_TASK_.
When you write out the listing, keep every character and omit the pictures.

╭─ DATA BELOW

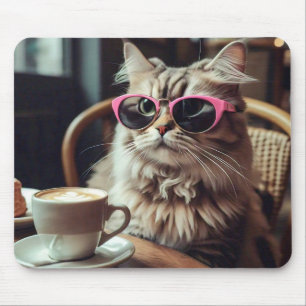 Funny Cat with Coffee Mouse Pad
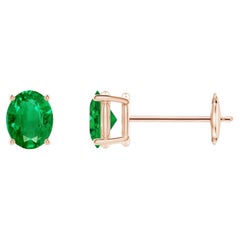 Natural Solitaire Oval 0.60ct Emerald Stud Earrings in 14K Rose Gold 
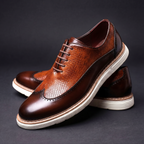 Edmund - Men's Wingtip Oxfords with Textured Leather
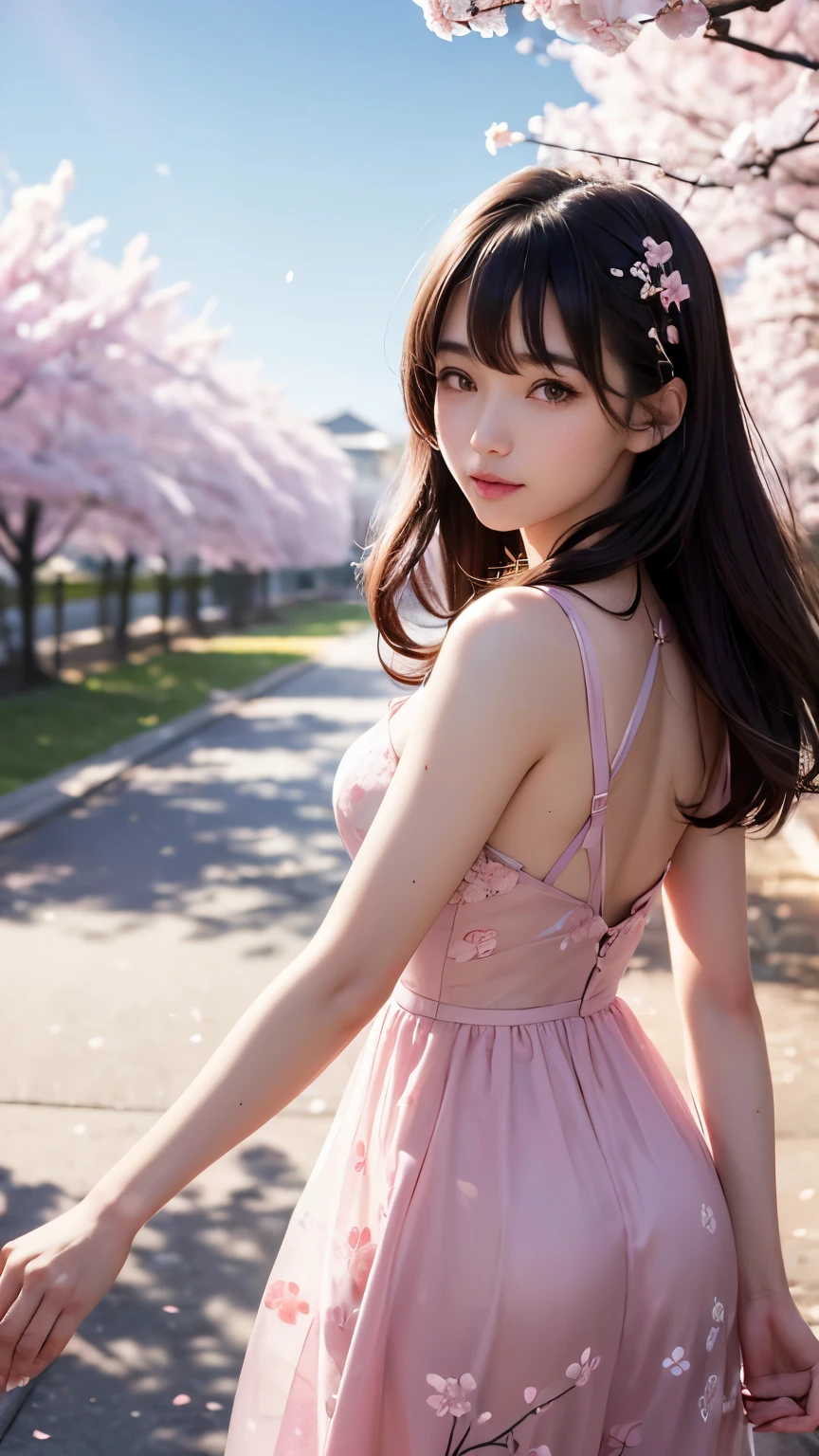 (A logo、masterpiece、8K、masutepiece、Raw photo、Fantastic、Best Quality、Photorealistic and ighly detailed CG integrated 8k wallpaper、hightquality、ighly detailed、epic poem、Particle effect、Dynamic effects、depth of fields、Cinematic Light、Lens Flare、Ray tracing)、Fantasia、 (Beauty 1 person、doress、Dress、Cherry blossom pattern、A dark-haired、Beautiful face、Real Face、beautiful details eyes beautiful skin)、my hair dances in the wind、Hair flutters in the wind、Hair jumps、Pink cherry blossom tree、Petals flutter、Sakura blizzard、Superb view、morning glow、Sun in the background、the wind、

╰─

_REPLY_.
 Funny Cat with Coffee Mouse Pad
 Natural Solitaire Oval 0.60ct Emerald Stud Earrings in 14K Rose Gold 
 Edmund - Men's Wingtip Oxfords with Textured Leather
 (A logo、masterpiece、8K、masutepiece、Raw photo、Fantastic、Best Quality、Photorealistic and ighly detailed CG integrated 8k wallpaper、hightquality、ighly detailed、epic poem、Particle effect、Dynamic effects、depth of fields、Cinematic Light、Lens Flare、Ray tracing)、Fantasia、 (Beauty 1 person、doress、Dress、Cherry blossom pattern、A dark-haired、Beautiful face、Real Face、beautiful details eyes beautiful skin)、my hair dances in the wind、Hair flutters in the wind、Hair jumps、Pink cherry blossom tree、Petals flutter、Sakura blizzard、Superb view、morning glow、Sun in the background、the wind、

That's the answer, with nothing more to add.